El petirrojo europeo es la prueba de ello. Este ave migratoria pasa el verano en Escandinavia y el invierno en el Norte de África. Para tales viajes requiere  un modo de orientación que la evolución natural le ha brindado consistente en la capacidad de percibir la inclinación del campo magnético, la cual aumenta al aproximarse a los polos. Pero hay algo peculiar en este sexto sentido magnético: se ha comprobado que al cegar su visión se inhibe la sensibilidad magnética. El hecho ha sido investigado por un grupo de científicos de la Universidad de Oxford observando moléculas similares a las que existen en la retina de estas aves. En el estudio describen que tales moléculas liberan un par de electrones entrelazados cuánticamente al recibir fotones, haciendo a la sustancia sensible al campo magnético. Las diferentes inclinaciones supondrían ligeros cambios químicos que posteriormente sean convertidos en señales nerviosas características. Sin embargo, solo hay un modo de que esto ocurra. Es preciso que el entrelazamiento del muchos pares de electrones se mantenga por cierto tiempo y a cierta distancia. Al parecer, en la retina se mantiene el entrelazamiento en una situación de baja decoherencia durante al menos 100 microsegundos. Se desconoce cómo es capaz la retina del petirrojo de limitar la decoherencia con el doble de eficiencia que los mejores dispositivos actuales, pero al parecer lo hace sin demasiado esfuerzo.
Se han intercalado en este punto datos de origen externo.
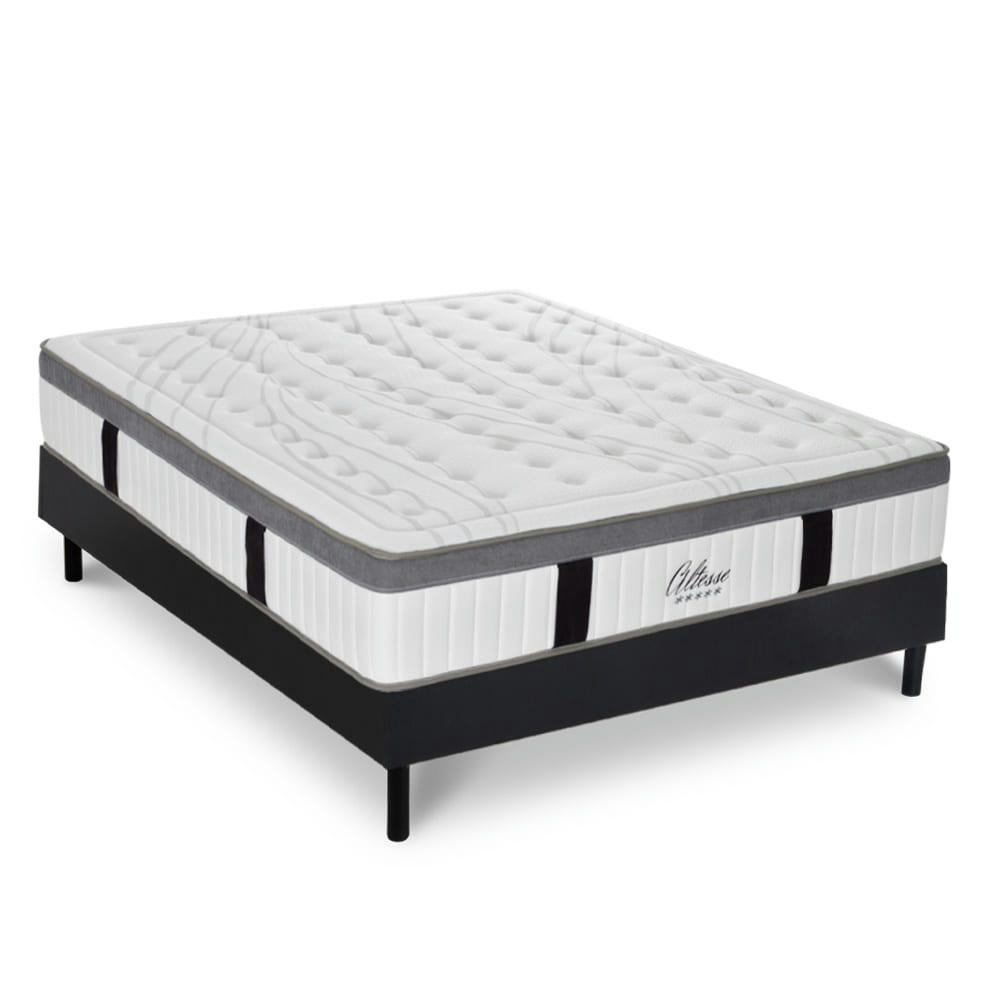 ALTESSE - Ensemble matelas à Mémoire de forme et sommier noir 180x200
Voy a forzar un poco más el alcance del gato de Schröndinger, sometiéndola a otra de las mentes inmensas del fructífero siglo 20. No, no es Miguel Gila, si no Roger Penrose, físico y matemático británico. En una de sus obras maestras destinadas a personas humanas y corrientes, “La nueva mente del emperador” comenta algo muy curioso. Si resulta que es el cerebro sensible a estímulos constituidos por un solo fotón, como ya se ha demostrado en experimentos con la retina, y ese fotón, como partícula descrita por la mecánica cuántica, puede haber llegado o no, ¿qué podemos decir de los procesos cerebrales relacionados con la percepción de tan indeciso fotón? Si la partícula es una superposición de “haber llegado” y “no haber llegado”, también las ideas en la mente son una superposición de “haberlo visto” y “no haberlo visto”. Resulta difícil no encontrar contradicción en estos detalles, del mismo modo que resulta difícil no encontrar analogía con otro experimento casi tan mental como el del gato de antes. A fin de cuentas, el cerebro es un sistema muy singular en cuanto al elevado orden que supone su estructura y a la capacidad de realizar conexiones muy definidas extremadamente sensibles a procesos en que participan pocas moléculas. Puede ser un fantástico sistema que limita esos intercambios infructuosos y desordenados que mide la decoherencia. Podría ser el cerebro el mejor experimento “no mental” del gato de Schröndinger, estando tan delante de las narices que resultaría irritante reconocer cuánto se ha tardado en encontrarlo. Sin embargo, el amigo Penrose admite que le seduce la idea de que las ideas puedan comportarse de ese modo tan superpuesto. Quizá no sea tan descabellado entender las ideas en la mente como una mezcla de contradicciones y tendencias en múltiples direcciones que conviven simultáneamente durante unas imperceptibles fracciones de segundo para, súbitamente, desmoronarse en una única y bien definida idea estable. Es un mecanismo tremendamente similar al mencionado colapso del vector estado. Y aquí entra lo último, punto de vista expuesto por el genial pensador con el que, valga decirlo, me encuentro muy cómodo. Colapsar el vector de estado supone ver el sistema, medirlo, interactuar con él: observarlo. Pero, ¿quién puede observar los pensamientos, no son ellos quienes observan? No. No lo son. Es la consciencia. Como ya se comentó, los eruditos en cosas cuánticas, al fin y al cabo, han de pensar siempre en observar al observador...
Sobre lo comentado, literatura gourmette:
Vivir en un mundo cuántico. Vlatko Vedral. Investigación y Ciencia (agosto 2011)
La nueva mente del emperador. Roger Penrose. Oxford University Press 1989.